### Task description:
The stretch wanted below opens at the line containing "Áo thun nữ Callia thiết kế cổ tròn Gee Tee" and closes at the line containing "Townhouse/Cluster to Rent in Avondale". Please return it exactly, with no other lines.

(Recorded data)
┄┄┄┄┄┄
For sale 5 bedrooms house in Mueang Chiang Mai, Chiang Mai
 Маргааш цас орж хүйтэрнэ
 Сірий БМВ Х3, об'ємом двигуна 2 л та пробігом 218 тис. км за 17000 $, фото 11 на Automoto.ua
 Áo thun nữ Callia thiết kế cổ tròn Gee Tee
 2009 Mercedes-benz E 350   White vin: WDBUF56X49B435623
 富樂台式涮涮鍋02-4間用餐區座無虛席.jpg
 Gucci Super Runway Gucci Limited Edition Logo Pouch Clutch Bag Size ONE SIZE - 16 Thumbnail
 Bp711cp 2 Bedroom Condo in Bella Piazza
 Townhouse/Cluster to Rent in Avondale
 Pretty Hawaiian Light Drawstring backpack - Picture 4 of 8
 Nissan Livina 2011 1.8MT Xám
┄┄┄┄┄┄
### Completed task:
 Áo thun nữ Callia thiết kế cổ tròn Gee Tee
 2009 Mercedes-benz E 350   White vin: WDBUF56X49B435623
 富樂台式涮涮鍋02-4間用餐區座無虛席.jpg
 Gucci Super Runway Gucci Limited Edition Logo Pouch Clutch Bag Size ONE SIZE - 16 Thumbnail
 Bp711cp 2 Bedroom Condo in Bella Piazza
 Townhouse/Cluster to Rent in Avondale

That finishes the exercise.